I shall repeat here a question I asked in a recent publication: what if Chico da Silva was seen as one of the great chromatists in Brazilian art history?[6] And what if we looked at his works not only in dialogue with the paintings of Jaider Esbell but also alongside the equally lively and colorful paintings of Antonio Bandeira, someone close to Chico da Silva both socially and temporally? What if we related his work to the Amazon painter Moacir Andrade and other more recent names interested in the relationship between organic forms, abstraction, and color, such as Beatriz Milhazes? And what if we analyzed his practice beyond the fictional limits of Brazil? Which choruses of voices would we hear?
There is a lot to do when it comes to researching the work of Chico da Silva. Fortunately, his paintings, papers, words, animals, and fantastical beings are never inert but rather constantly inviting us to a continuous exercise of imagination.

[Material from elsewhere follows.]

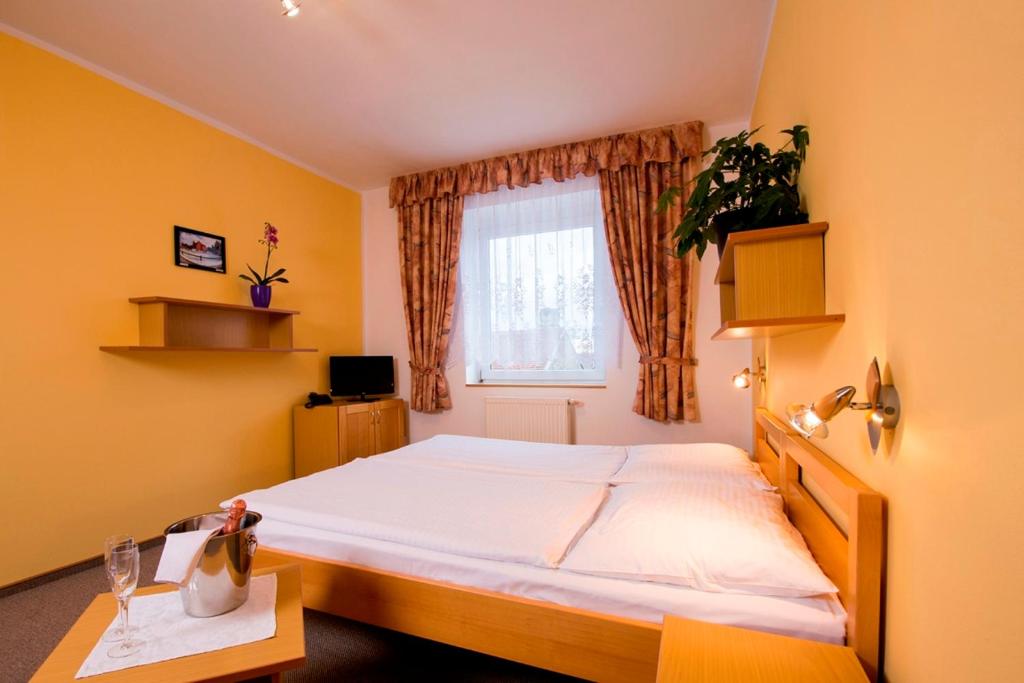 Postel nebo postele na pokoji v ubytování Penzion Bohemia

[1] “In the chain of reaction accompanying the creative act, a link is missing. This gap which represents the inability of the artist to fully express his intention, this difference between what he intended to realize and did realize is the personal ‘art coefficient’ contained in the work.” DUCHAMP, Marcel. “O ato criador” in BATTCOCK, Gregory. A nova arte. São Paulo: Editora Perspectiva, 1998, p. 73.

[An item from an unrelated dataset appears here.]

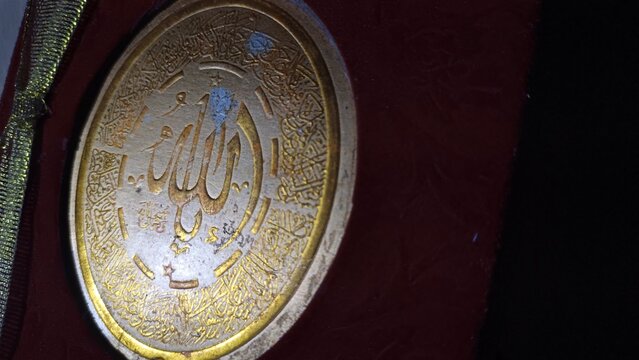 Red Yasin book with a golden Arabic inscription of Allah on the cover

[2] ESTRIGAS. A saga do pintor Francisco Domingos da Silva. Fortaleza: Edições Tukano, 1988, pp. 93-94.
[3] Let us not delude ourselves – all these tensions continue to be crucial for the notion of “Brazilian contemporary art”.
[4] This question and unfamiliarity are precisely what led, for example, the artist and art critic from Ceará Estrigas to call his book on Francisco Domingos da Silva “The Painter’s Saga”. Given that Francisco Domingos da Silva was not an artist who could easily fit into the hegemonic Western concept of the visual artist (and painter), there was nothing more fitting than perceiving him as the main character in a saga or an epic, which is also a reflection of some of the many other anti-hero narratives written in Brazil.
[5] See OLIVEIRA, Gerciana Maria da Costa. Chico da Silva: Estudo Sociológico sobre a Manifestação de um Talento Artístico, master’s dissertation for the Postgraduate Sociology Program, Federal University of Ceará, 2010.
[6] I am referring here to the introduction to the publication for the exhibition “Raio-que-o-parta: ficções do moderno no Brasil”, which took place at SESC 24 de Maio in São Paulo in 2022. The exhibition was co-curated by Aldrin Figueiredo, Clarissa Diniz, Divino Sobral, Fernanda Pitta, Marcelo Campos, Paula Ramos, and myself.